Implementation:FMInference FlexLLMGen DeepSpeed AIO Perf Sweep
| Knowledge Sources | |
|---|---|
| Domains | Benchmarking, NVMe Storage, Performance Testing |
| Last Updated | 2026-02-09 12:00 GMT |
Overview
Python-based performance sweep harness that systematically benchmarks DeepSpeed's async I/O library across a combinatorial search space of configuration parameters.
Description
This script automates the process of finding optimal async I/O configurations for NVMe tensor swapping. It generates a combinatorial sweep across tunable parameters including block size, queue depth, overlap events mode, I/O parallelism, and single-submit mode. For each configuration point, it runs the underlying test_ds_aio.py benchmark script and captures performance results to structured log files.
The sweep is organized into two phases: a read sweep that creates a test file via dd and measures read throughput, and a write sweep that measures write throughput. Between each test, the system calls sync and optionally flushes the page cache (via sudo echo 1 > /proc/sys/vm/drop_caches) to ensure measurements reflect true storage device performance rather than cached data. Results are organized into a directory structure with descriptive log filenames encoding the configuration parameters.
Key classes include Job (encapsulating a subprocess command with output redirection) and SweepConfig (managing the sweep parameter space, I/O size, and output directories).
Usage
Run this sweep to characterize NVMe I/O performance on a specific hardware configuration before deploying offloaded inference.
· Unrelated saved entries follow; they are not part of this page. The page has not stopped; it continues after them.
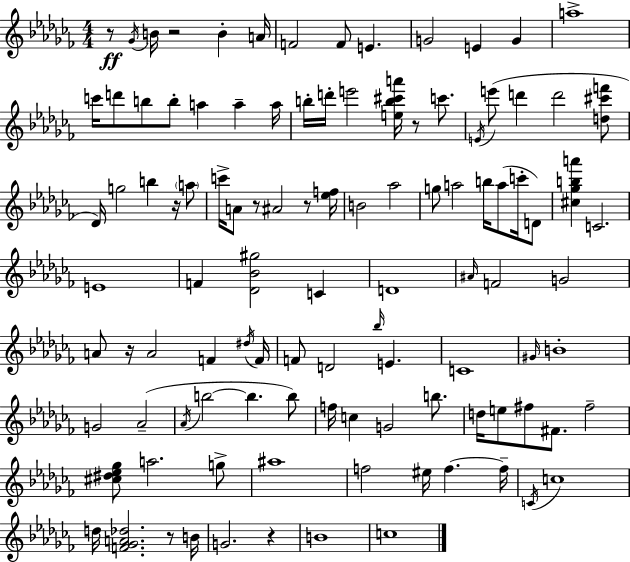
{
  \clef treble
  \numericTimeSignature
  \time 4/4
  \key aes \minor
  r8\ff \acciaccatura { ges'16 } b'16 r2 b'4-. | a'16 f'2 f'8 e'4. | g'2 e'4 g'4 | a''1-> | \break c'''16 d'''8 b''8 b''8-. a''4 a''4-- | a''16 b''16-. d'''16-. e'''2 <e'' b'' cis''' a'''>16 r8 c'''8. | \acciaccatura { e'16 }( e'''8 d'''4 d'''2 | <d'' cis''' f'''>8 des'16) g''2 b''4 r16 | \break \parenthesize a''8 c'''16-> a'8 r8 ais'2 r8 | <ees'' f''>16 b'2 aes''2 | g''8 a''2 b''16 a''8( c'''16-. | d'8) <cis'' ges'' b'' a'''>4 c'2. | \break e'1 | f'4 <des' bes' gis''>2 c'4 | d'1 | \grace { ais'16 } f'2 g'2 | \break a'8 r16 a'2 f'4 | \acciaccatura { dis''16 } f'16 f'8 d'2 \grace { bes''16 } e'4. | c'1 | \grace { gis'16 } b'1-. | \break g'2 aes'2--( | \acciaccatura { aes'16 } b''2~~ b''4. | b''8) f''16 c''4 g'2 | b''8. d''16 e''8 fis''8 fis'8. fis''2-- | \break <cis'' dis'' ees'' ges''>8 a''2. | g''8-> ais''1 | f''2 eis''16 | f''4.~~ f''16-- \acciaccatura { c'16 } c''1 | \break d''16 <f' ges' a' des''>2. | r8 b'16 g'2. | r4 b'1 | c''1 | \break \bar "|."
}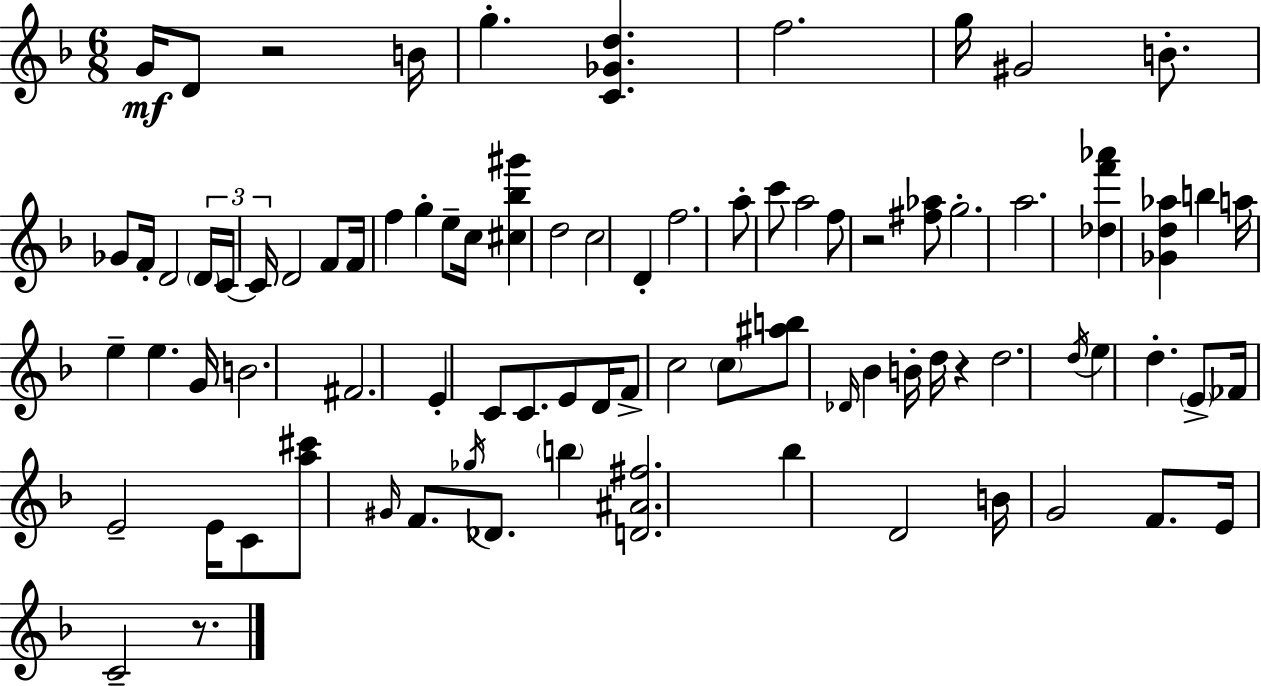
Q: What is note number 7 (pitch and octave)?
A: G#4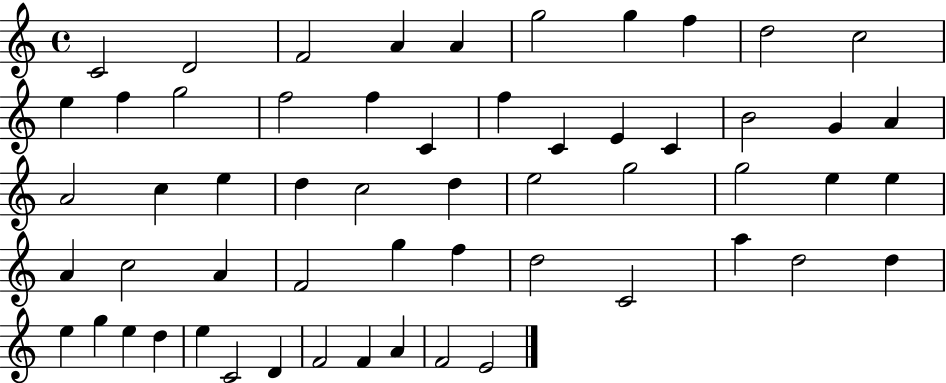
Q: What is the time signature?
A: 4/4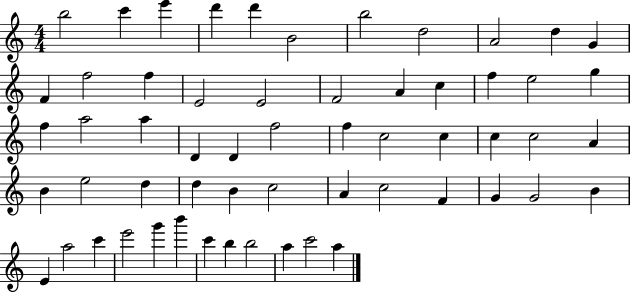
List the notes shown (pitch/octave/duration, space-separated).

B5/h C6/q E6/q D6/q D6/q B4/h B5/h D5/h A4/h D5/q G4/q F4/q F5/h F5/q E4/h E4/h F4/h A4/q C5/q F5/q E5/h G5/q F5/q A5/h A5/q D4/q D4/q F5/h F5/q C5/h C5/q C5/q C5/h A4/q B4/q E5/h D5/q D5/q B4/q C5/h A4/q C5/h F4/q G4/q G4/h B4/q E4/q A5/h C6/q E6/h G6/q B6/q C6/q B5/q B5/h A5/q C6/h A5/q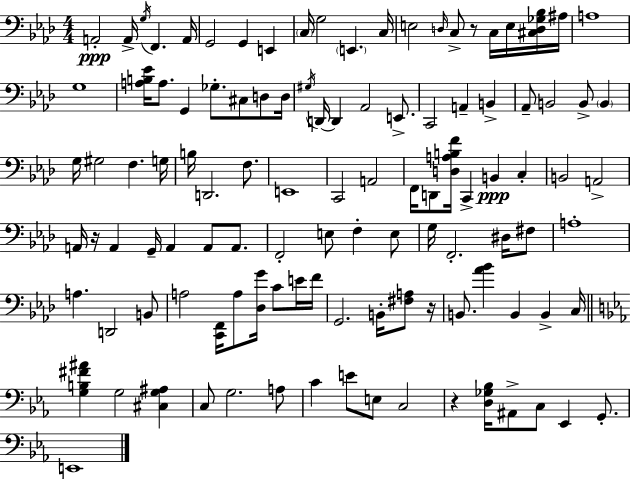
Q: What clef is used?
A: bass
The optimal parameters discovered by this sweep inform the AIO configuration used in DeepSpeed's ZeRO-Inference and FlexLLMGen's offloading pipeline.
Code Reference
Source Location
- Repository: FMInference_FlexLLMGen
- File: benchmark/third_party/DeepSpeed/csrc/aio/py_test/aio_bench_perf_sweep.py
- Lines: 1-396
Signature
def main():
"""Entry point: runs read and write performance sweeps."""
class Job(object):
def __init__(self, cmd_line, output_file=None, work_dir=None):
"""Encapsulates a subprocess command with optional output redirection."""
class SweepConfig(object):
def __init__(self, args):
"""Manages sweep parameters: nvme_dir, io_size, search_space, etc."""
def get_sweep_cmd_lines(sweep_config_dict):
"""Generates combinatorial command lines from sweep parameter space."""
def run_read_sweep(sweep_config, flush_cache_job, sync_job, cmd_lines):
"""Executes read performance sweep with page cache flushing."""
def run_write_sweep(sweep_config, flush_cache_job, sync_job, cmd_lines):
"""Executes write performance sweep."""
Import
# Standalone script. Run from the DeepSpeed AIO py_test directory:
# python aio_bench_perf_sweep.py --nvme_dir /mnt/nvme/test
I/O Contract
Inputs
| Name | Type | Required | Description |
|---|---|---|---|
| --nvme_dir | str | Yes | Writable directory on an NVMe device for I/O tests |
| --sweep_config | str | No | JSON file specifying the parameter search space (defaults to built-in config) |
| --io_size | str | No (default: 400M) | Total bytes to read/write per test point |
| --no_read | flag | No | Disable read performance measurements |
| --no_write | flag | No | Disable write performance measurements |
| --no_sudo | flag | No | Skip page cache flushing (may inflate read speeds) |
| --log_dir | str | No (default: aio_perf_sweep) | Output directory for performance log files |
| --loops | int | No (default: 1) | Number of repetitions per configuration point |
Outputs
| Name | Type | Description |
|---|---|---|
| log files | text files | One log per configuration point, with filenames encoding parameters (e.g., read_single_overlap_d16_bs256K.txt)
|
| stdout | text | Progress messages and executed command lines |
Usage Examples
# Basic sweep with default configuration
python aio_bench_perf_sweep.py --nvme_dir /mnt/nvme/test_io
# Custom sweep with larger I/O size and multiple loops
python aio_bench_perf_sweep.py \
--nvme_dir /mnt/nvme/test_io \
--io_size 1G \
--loops 3 \
--log_dir /results/aio_perf
# Write-only sweep without sudo (no cache flushing)
python aio_bench_perf_sweep.py \
--nvme_dir /mnt/nvme/test_io \
--no_read \
--no_sudo
# Custom parameter space via JSON config
# sweep_config.json:
# {
# "block_size": ["128K", "256K", "512K", "1M"],
# "queue_depth": [4, 8, 16, 32, 64],
# "overlap_events": [true, false],
# "io_parallel": [1, 2, 4, 8],
# "single_submit": [false]
# }
python aio_bench_perf_sweep.py \
--nvme_dir /mnt/nvme/test_io \
--sweep_config sweep_config.json